Bei den angebotenen Daten handelt es sich um öffentlich einsehbare Daten, die von den Linkedin-Nutzern eingestellt wurden. Dazu gehören Namen, E-Mail-Adressen, Telefonnummern und Arbeitgeber. Linkedin zufolge handele es sich dabei um unerlaubtes Scraping von Mitgliederdaten – das Netzwerk untersuche den Vorfall. Sensible Daten wie Passwörter, Kreditkarten- oder Bankdaten gehören demnach nicht zu den angebotenen Daten.

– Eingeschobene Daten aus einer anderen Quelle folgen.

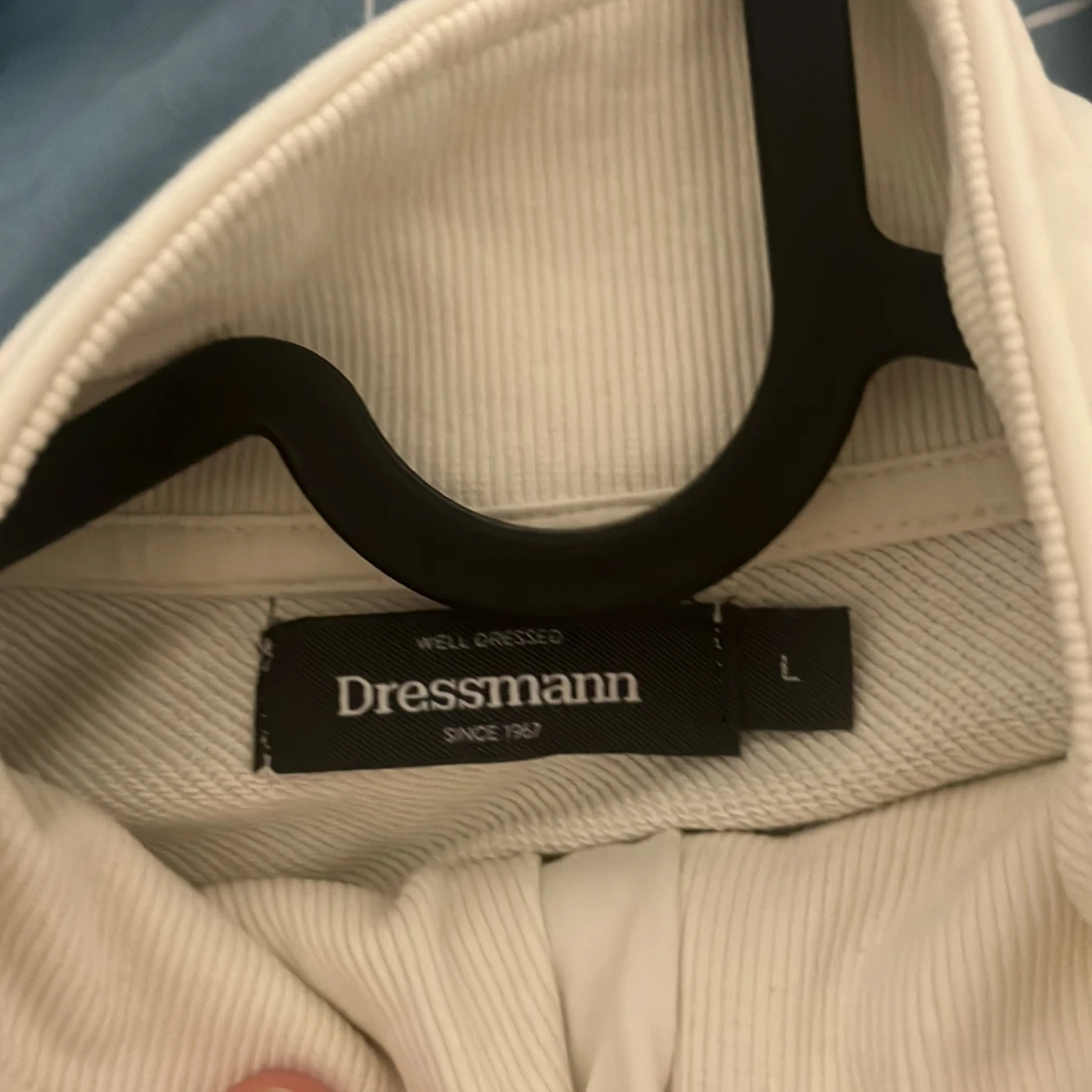 Vit tröja med dragkedja från Dressmann - 90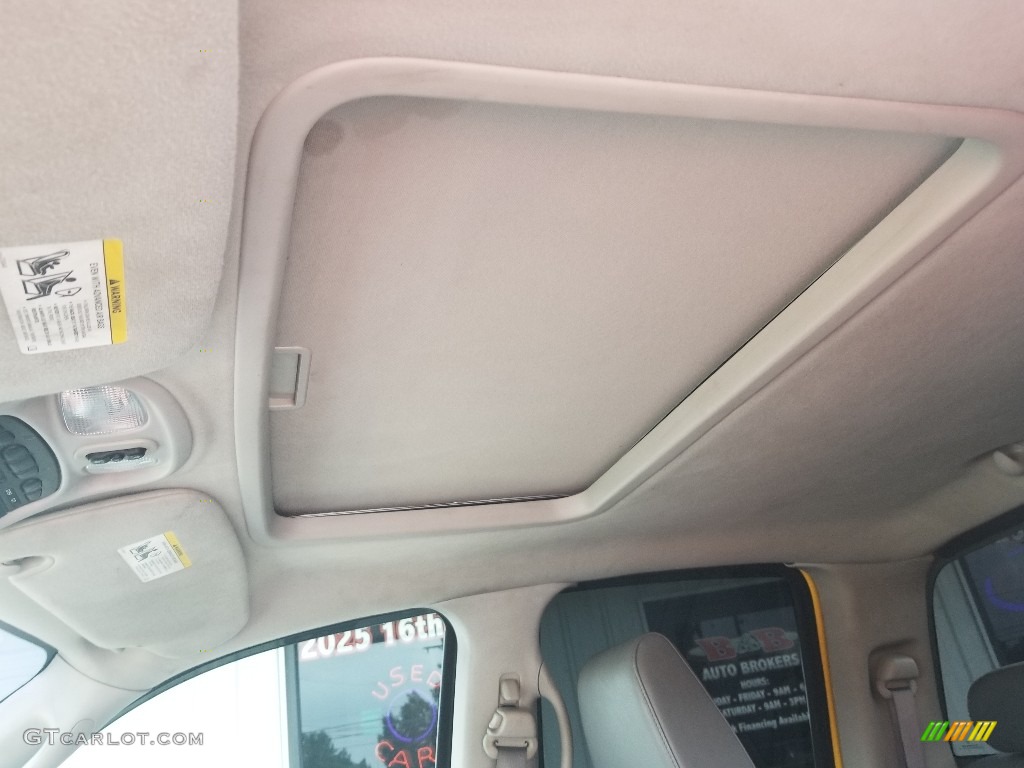 2008 Ram 1500 Laramie Quad Cab 4x4 - Detonator Yellow / Medium Slate Gray photo #27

Dass es sich bei den Daten augenscheinlich ausschließlich um öffentlich einsehbare Daten handelt, könnte auch den niedrigen Verkaufspreis erklären. Die kompletten 500 Millionen Profildaten kosten mindestens einen vierstelligen Betrag, heißt es bei Heise weiter. Trotzdem könnten Kriminelle die Daten für Phishing-Angriffe oder andere Zwecke zur Ermittlung von Passwörtern einsetzen.
Ob man selbst von dem Datenleck betroffen ist, kann über die Cybernews-Website und mit der bei Linkedin hinterlegten E-Mail-Adresse überprüft werden.